Es war denn auch Walter Theuerkauf, der als Mitinitiator der Nationalpark-Gesetzenovellierung 2001 in Niedersachsen fungierte, wie bereits gesagt als Vorsitzender des Nationalpark Beirates. Die damalige SPD-geführte Landesregierung unter Ministerpräsident Sigmar Gabriel, heute Bundesumweltminister, nahm auf Druck der Tourismusindustrie fast 90 Gebiete aus dem Nationalpark Niedersächsisches Wattenmeer heraus oder stufte sie in der Zonierung herab, um sie der touristischen Nutzung zuzuführen. Viele hervorragende Pflanzenstandorte oder Brut- und Rastgebiete wurden so aus dem gemeldeten FFH- und Vogelschutzgebiet einseitig vom Land Niedersachsen entfernt oder in ihren Schutzzielen beeinträchtigt. Mitglieder des Wattenrat Ost-Friesland überbrachten daraufhin der EU-Kommission in Brüssel eine mehr als 4 Kilogramm wiegende Beschwerde, in der jedes Gebiet detailliert mit den betroffenen Pflanzen- und Vogelstandorten aufgelistet war. Nach fünf Jahren wurde das Beschwerdeverfahren 2006 mit nicht nachvollziehbaren Begründungen eingestellt (siehe auf unseren Seiten vom Oktober 2006: "EU-Kommission hat Beschwerdeverfahren eingestellt").

Landrat Theuerkauf hat also bereits aktiv an der Demontage dieses "Nationalparks" mitgewirkt und will jetzt, wie sein Amtskollege Ambrosy, ein neues Etikett auf dem Wattenmeer, nicht für den Schutz des Gebietes, sondern um es noch besser international vermarkten zu können. Es geht unverhohlen um noch mehr Übernachtungszahlen auf den Inseln und dem Festland, knallhartes Tourismus-Marketing mit dem UNESCO-Label. Dabei gibt es im und am niedersächsischen Wattenmeer-Nationalpark bereits 30 Millionen Tourismus-Übernachtungen jährlich, mit erheblichen Auswirkungen auf Seehunde, Brut- und Rastgebiete und Pflanzenstandorte. In der Regionalpresse wurde wiederholt betont, es seien keine weiteren "Naturschutzbeschränkungen zu befürchten".

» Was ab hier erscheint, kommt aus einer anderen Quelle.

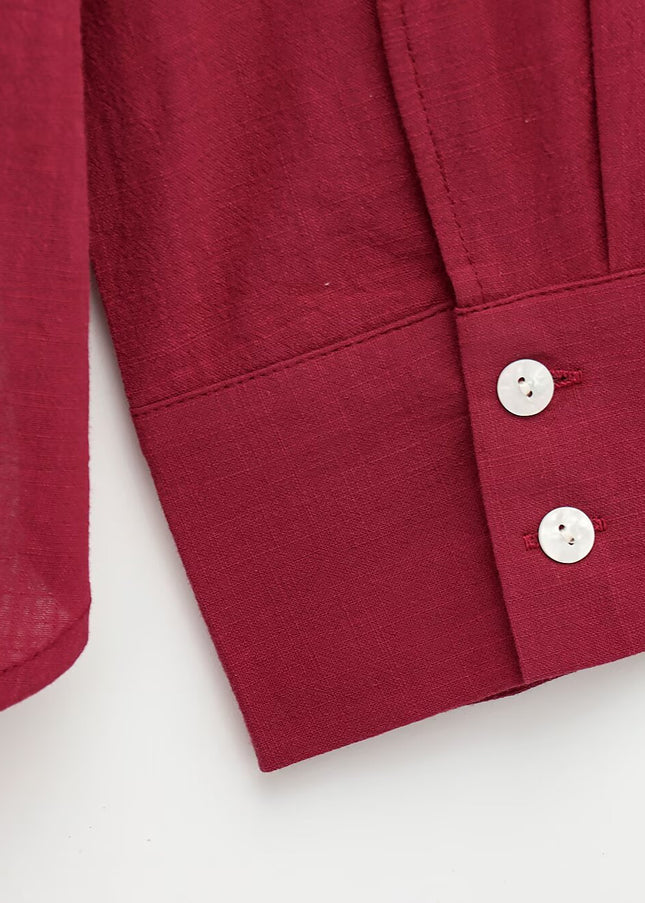Buttons up Long Sleeve Red Color Turn Down Collar Casual Fashion Tops Blouse for Women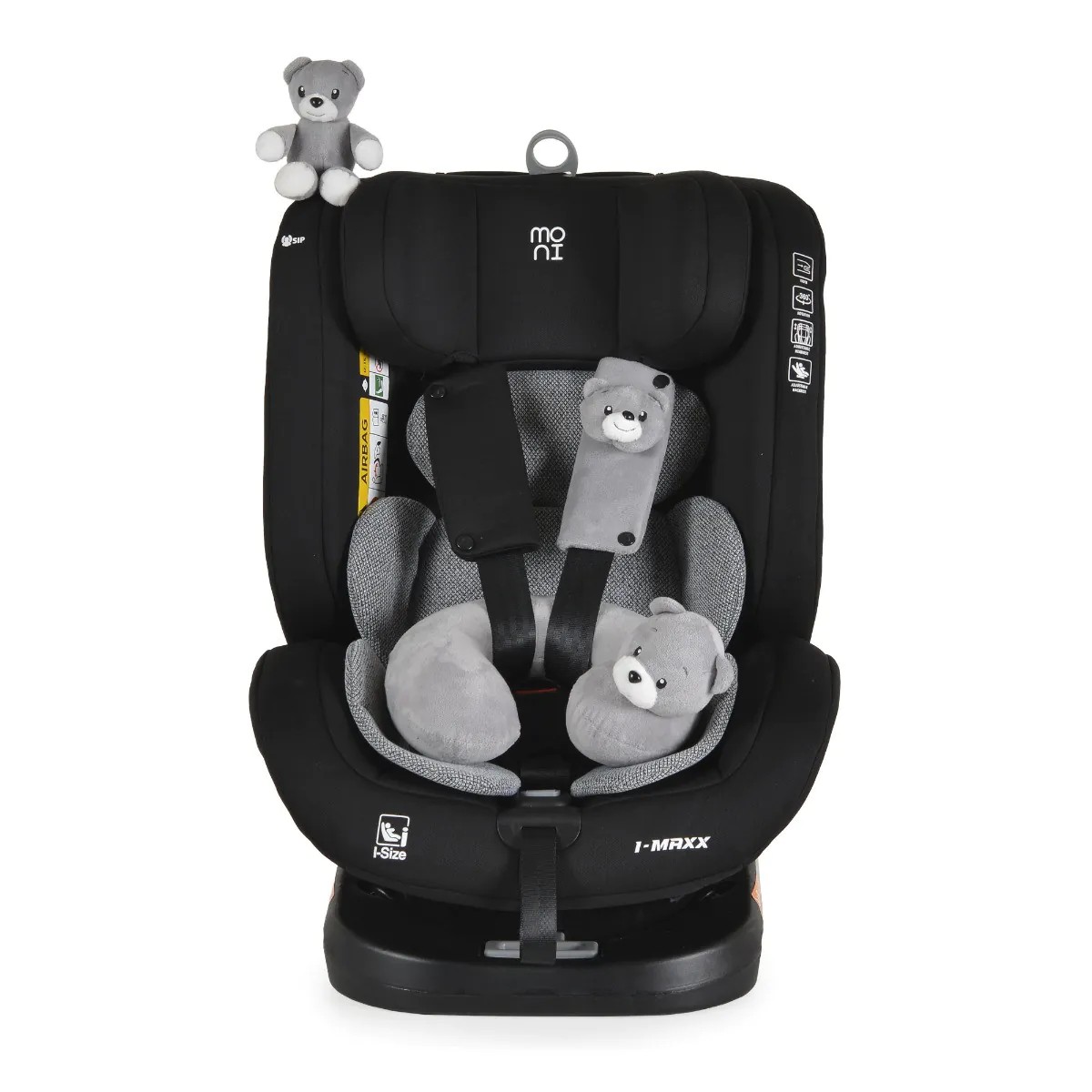 Scaun auto cu 2 jucarii si perna gat Moni i-Size i-Maxx 360 ISOFIX (40-150 cm) Gray - poza 2
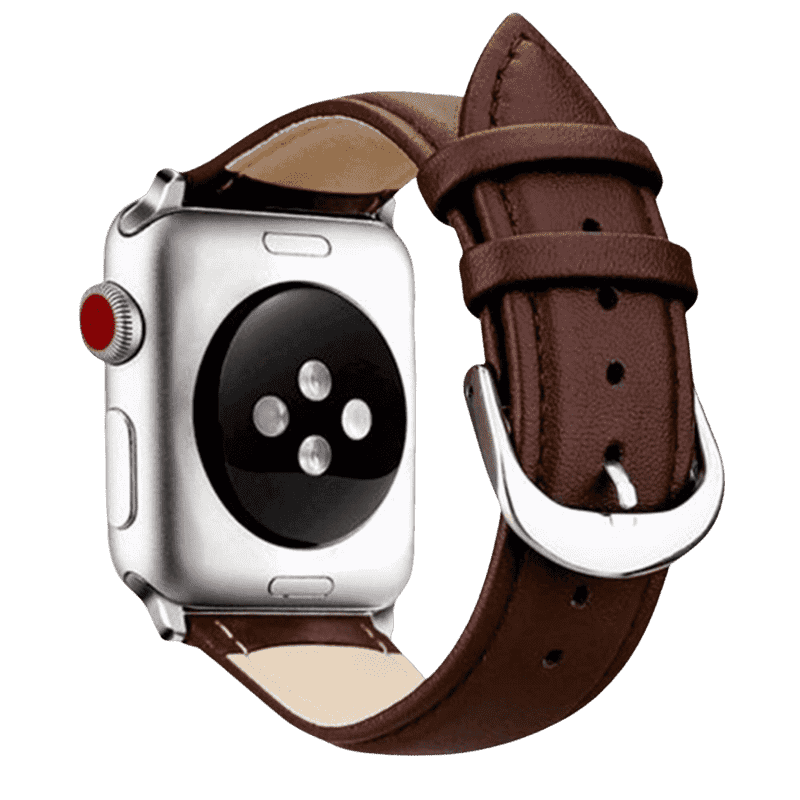 Armband für Apple Watch aus Leder in der Farbe Braun, Modell Kopenhagen #farbe_Braun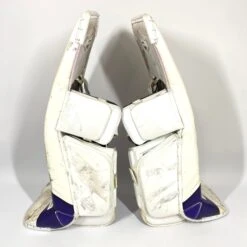 Bauer Supreme 2S Pro - Used Pro Stock Goalie Pads - Full Set (White/Purple/Black) -Hockey Stick Man Photo2023 05 04 125104PM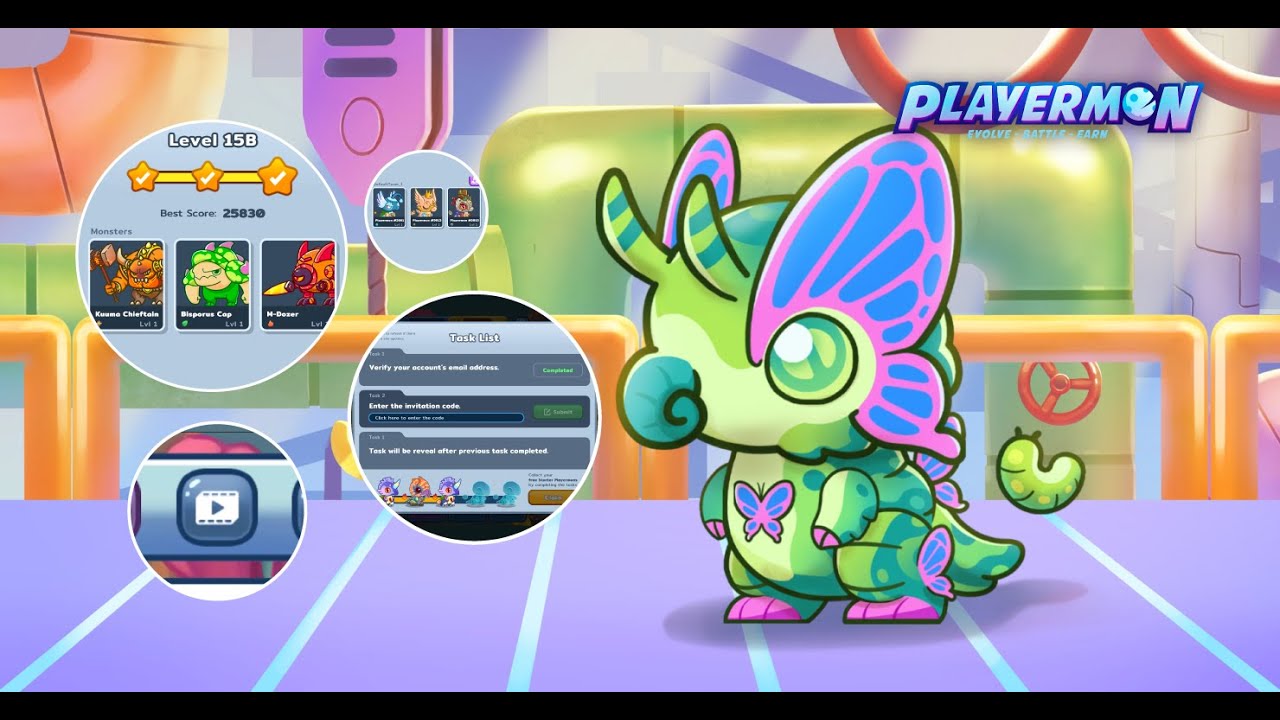 Playermon Game Feature Update 2 9.0:  Claim up to 5 Starter Playermons & Cinematic video unveils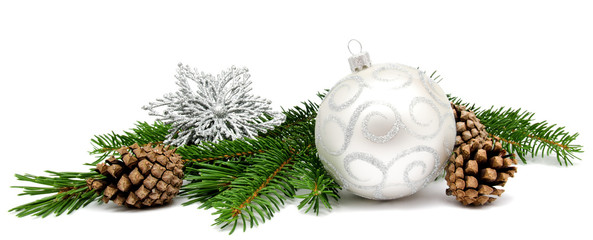 Christmas decoration balls with fir cones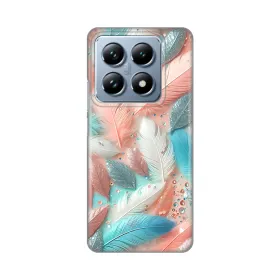 Silikonska futrola - maska print za Xiaomi 14T Pro Pastel Feathers.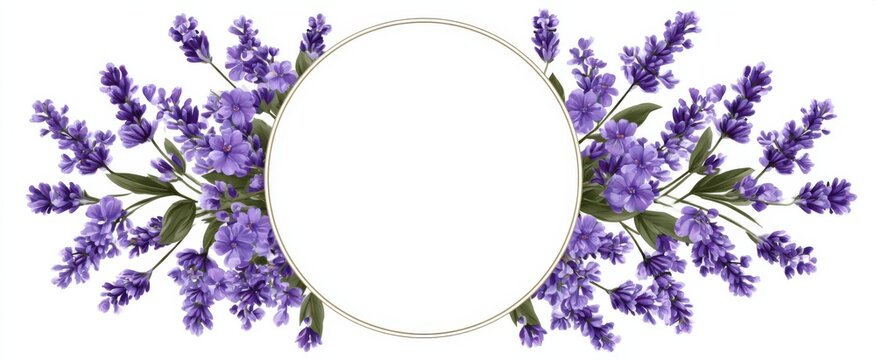 Charming circular decorative frame with lavender blooms on white ideal for anniversaries and bridal showers.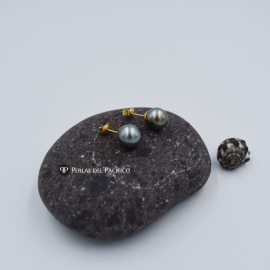 Aretes de perlas Tahití de color negro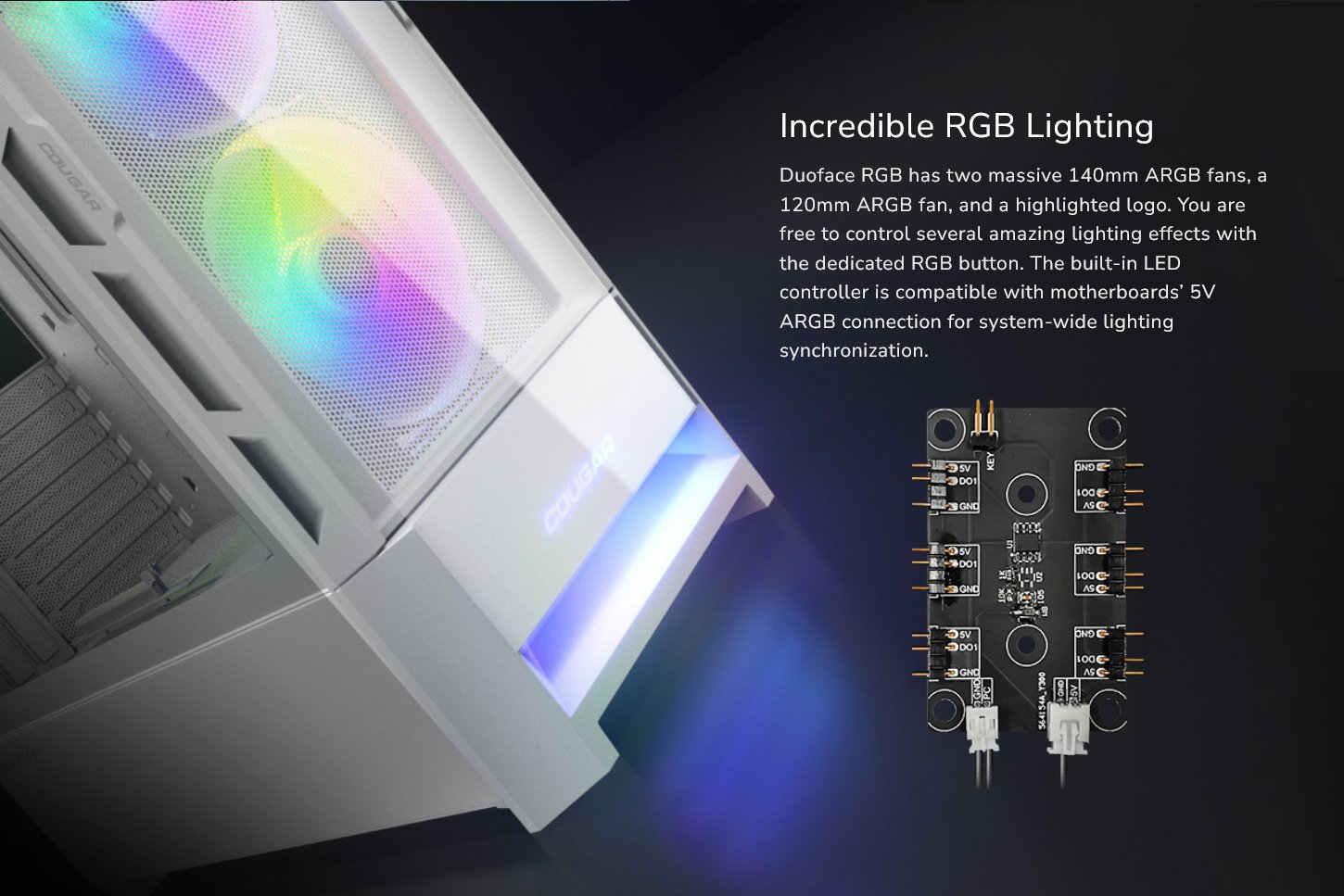 COUGAR PC skříň DUOFACE White Mid Tower Airflow Front Panel TG Left Panel 2 x ARGB 140mm & 1x 120mm Fans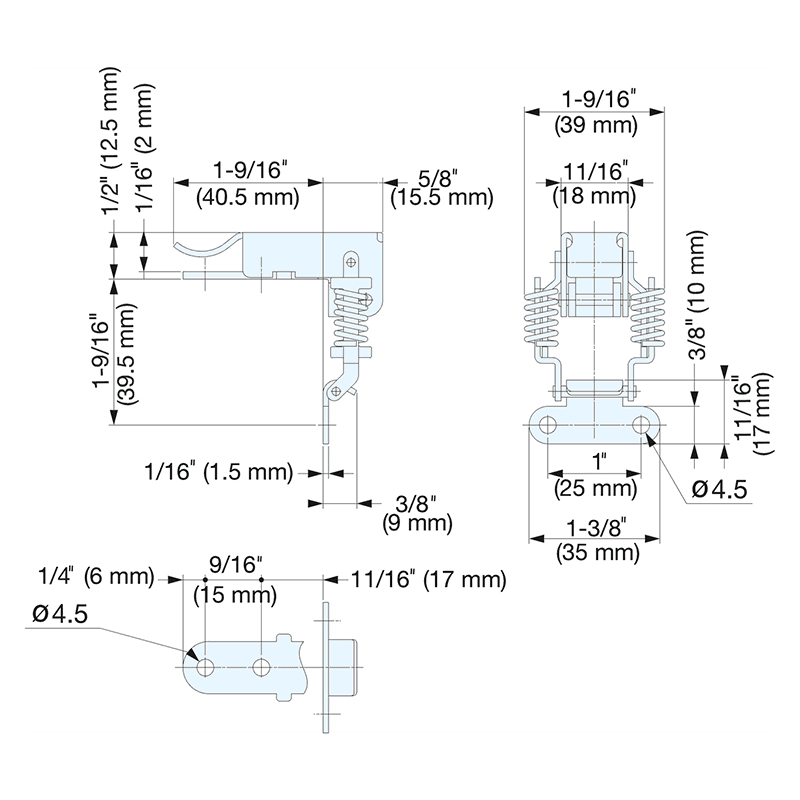 STF-A56AC 56mm Corner Fastener, Polished Alt 1 - Image
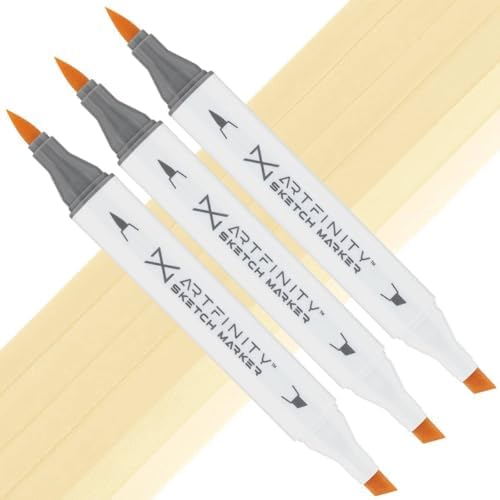 Artfinity Sketch Markers - Set of 3 - BlondWood Y4-1, Vibrant, Professional, Dye-Based Alcohol Markers for Artists, Drawing, Travel, & More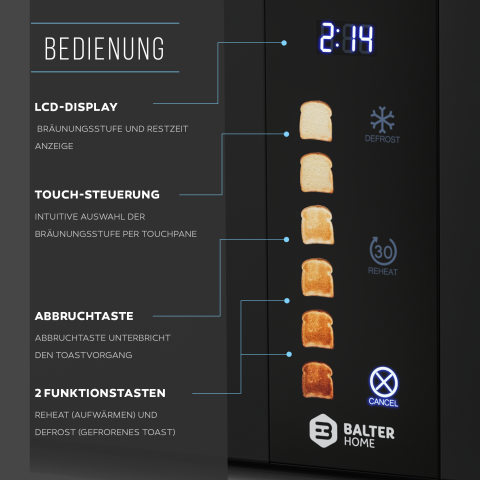 Balter Toaster TS-34 Langschlitz Schwarz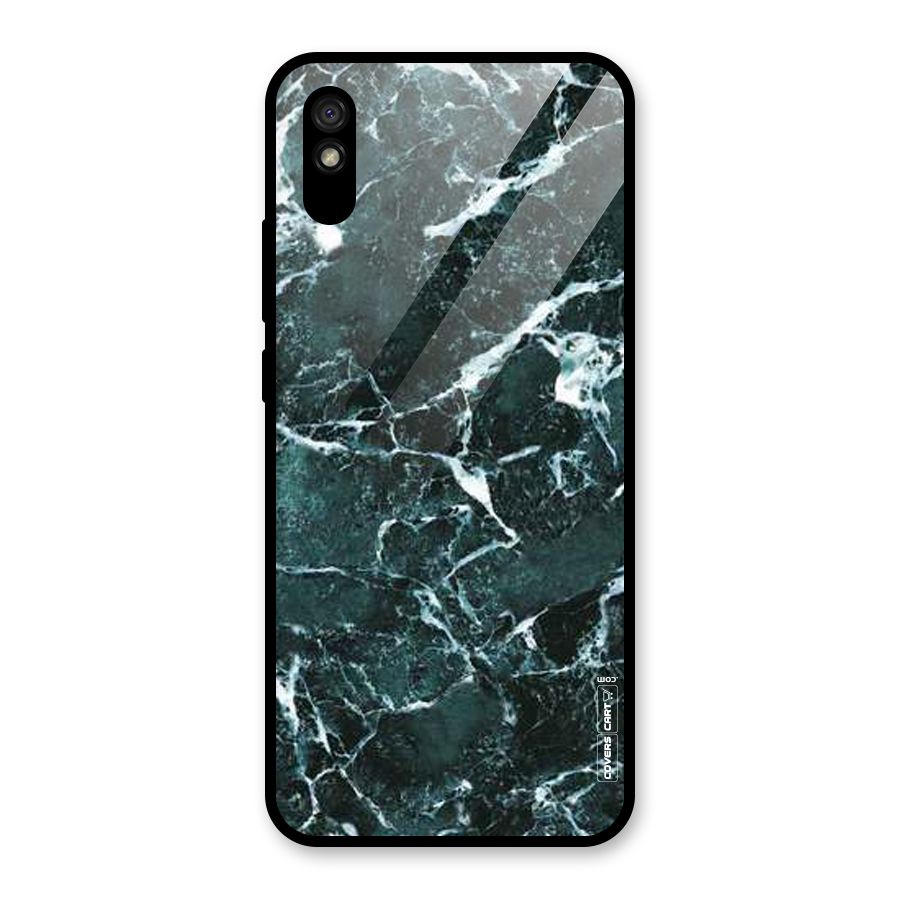 Dark Green Marble Glass Back Case for Redmi 9i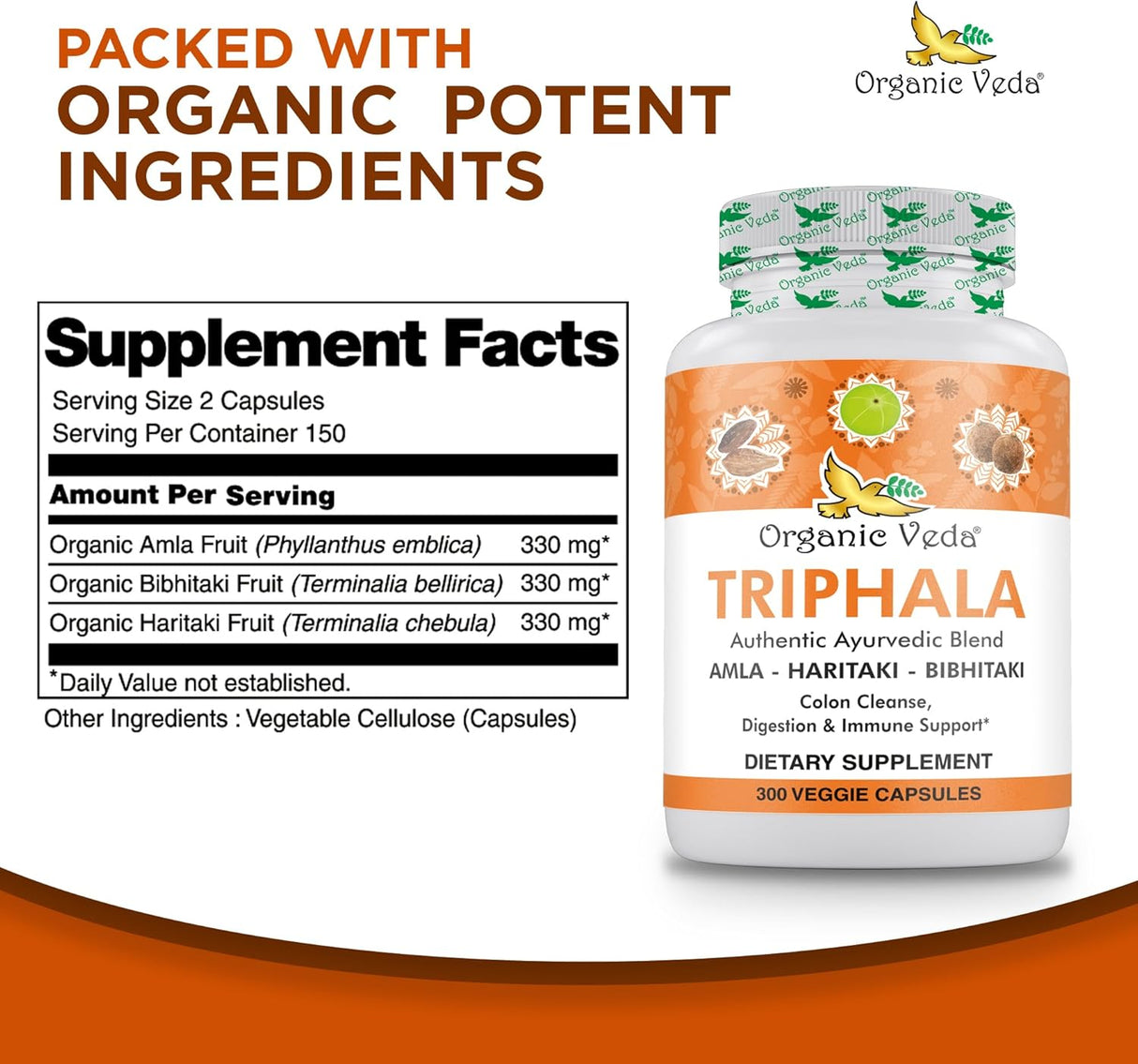 Polvo de Triphala Orgánico 300 Cápsulas - Organic Veda 1000mg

Fakt ist aber, dass die "Operational Guidelines: Establishment of World Heritage List" der UNESCO ausdrücklich einen "management plan" für die gemeldeten Gebiete fordern. Diesen gibt es nach mehr als 20-jährigem Bestehen noch nicht einmal für den niedersächsischen Wattenmeer-Nationalpark. Zusätzlich fordern die "Guidelines" ausreichende an das Welterbegebiet angrenzende Gebiete, um das eigentliche Weltnaturerbe vor menschlichem Einfluss oder Auswirkungen zu schützen. Das wird sich am Wattenmeer nur schwierig einrichten lassen: Zahlreiche Wind"parks", auch in faktischen Vogelschutzgebieten und die intensive landwirtschaftliche Nutzung in den deichnahen Binnenlandbereichen verhindern diesen Anspruch schon heute. Es wäre also vor der Verleihung eines neuen Etiketts nötig, zunächst die Schutzstandards in diesem Großschutzgebiet wesentlich zu erhöhen und an internationale Standards anzupassen.

Die haben auch die Naturschutzverbände seit 20 Jahren vergeblich in vielen kritischen "Nationalparkbilanzen" angemahnt, die sich jetzt für das UNESCO-Etikett aussprechen. Das Label "Weltnaturerbe" ist kein ernst gemeinter Vorstoß, um das zu befördern. Ein edles Etikett auf einem billigen Wein macht diesen jedoch nicht besser.

Vermutlich wird das Wattenmeer das begehrte Prädikat "Weltnaturerbe" auch ohne eine strenge Prüfung allein aus wirtschaftlichen Gründen erhalten, Papier ist eben geduldig und die Politik mit dem abgehobenen Gremien-Naturschutz eng verflochten. Der politische Kreis der Etiketten-Naturschützer schließt sich mit dem niedersächsische Wirtschaftsminister Walter Hirche (FDP): der ist gleichzeitig Präsident der deutschen UNESCO-Komission...

Der Autor koordiniert den Wattenrat-Ostfriesland in Holtgast/Ostfriesland (wattenrat.de). Er war 5 Jahre Mitglied im Beirat des Nationalparks Niedersächsisches Wattenmeer und 20 Jahre lang als ehrenamtlicher Landschaftswart im Landkreis Aurich tätig.